John_Brown at discovery.umeres.maine.edu
Fri Sep 19 10:47:45 EST 1997
First of all, show a little respect for the work done by others. If
there wasn't any research being done, we wouldn't know that
precommercial thinning is helpful in the first place. We also wouldn't
have stocking guides to plan for regular thinnings, spacing criteria,
or methods of suitable regeneration. Pre-harvest planning can help
prevent the need to for precommercial thinning by choosing suitable
regeneration methods. A shelterwood cut can promote advance
regeneration that can preclude the need to later precommercially thin.
It's necessary to take into account the species desired/undesired.
Alternatives to chainsaw will vary by species composition. Take a
softwood/hardwood stand, where the hardwoods are undesirable.

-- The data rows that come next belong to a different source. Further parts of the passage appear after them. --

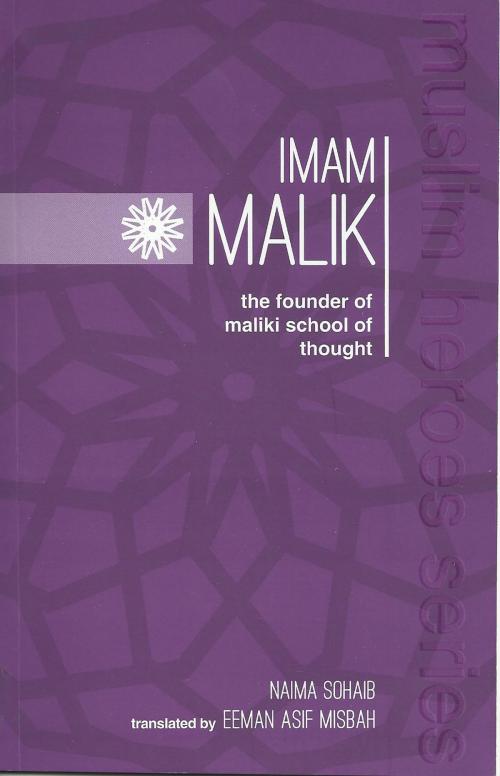 Cover of the book Imam Malik by Naima Sohaib, Naima Sohaib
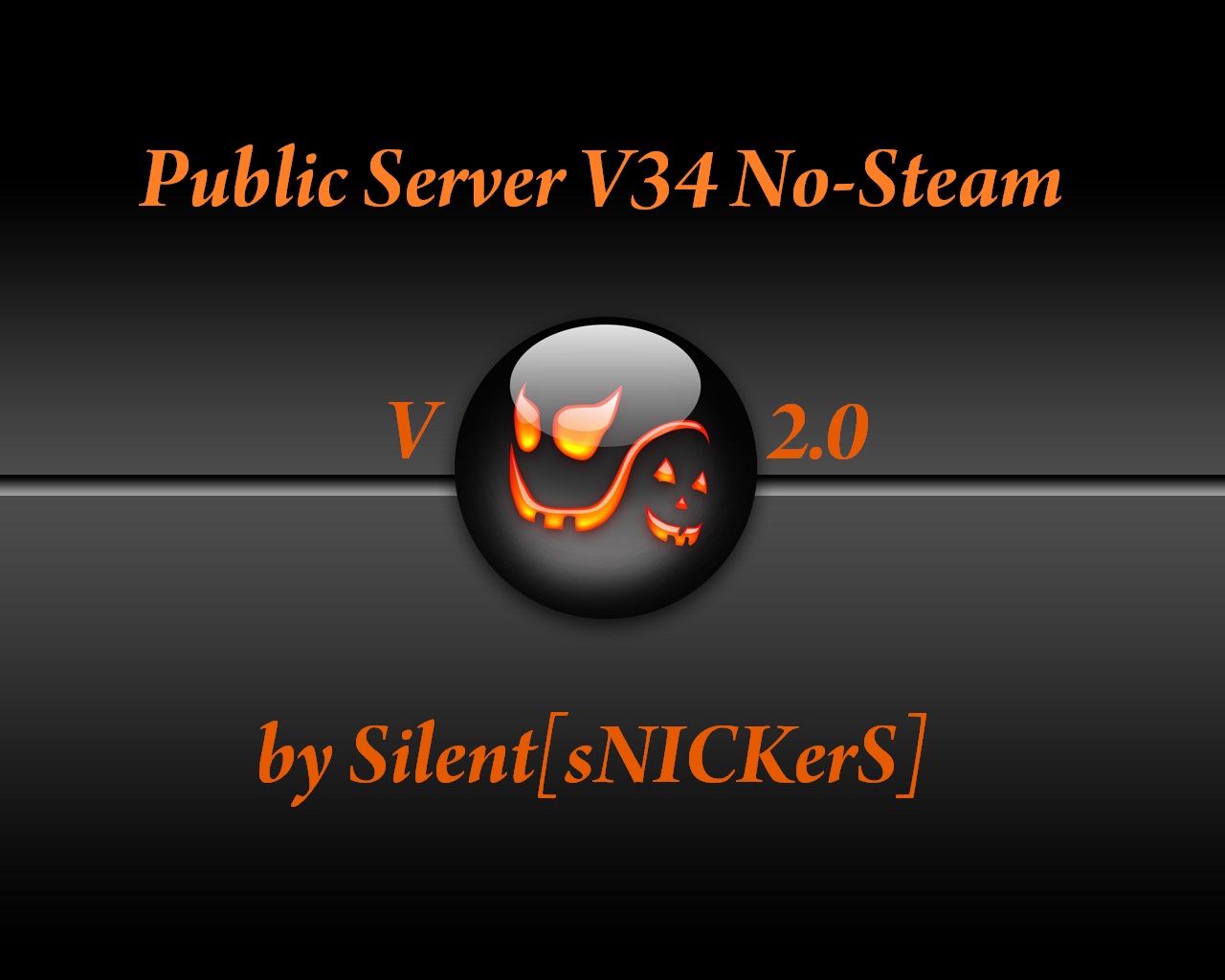 Public Server V34 No-Steam V 2.0 by Silent[sNICKerS]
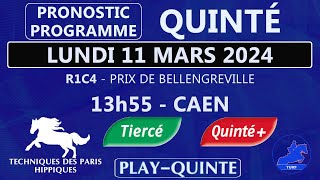 PRONOSTIC ET FAVORIS QUINTÉ DU LUNDI 11 MARS 2024  Quinté du Jour  CAEN [upl. by Guenevere]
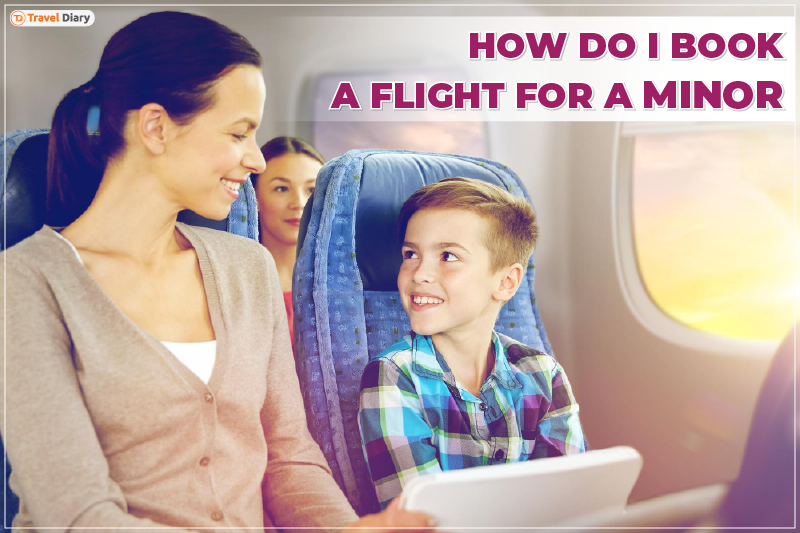 How Do I Book a Flight for a Minor? A Complete Guide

Herbiciding the stand when the hardwoods are translocating nutrients to
the roots can effectively remove the hardwood component. Or, a hatchet
hypo, which injects herbicides into the bark can be somewhat easier to
use than a chainsaw. However, controlling light conditions during the
regeneration phase would be easiest. Knowledge is acquired through
research, not garnered from standing under the canopy and simply
applying whatever comes to mind. It took Edison thousands of filaments
to get a light bulb that worked. All but the last one worked. I guess
you could say that all the others were "idiotic and wasteful of money".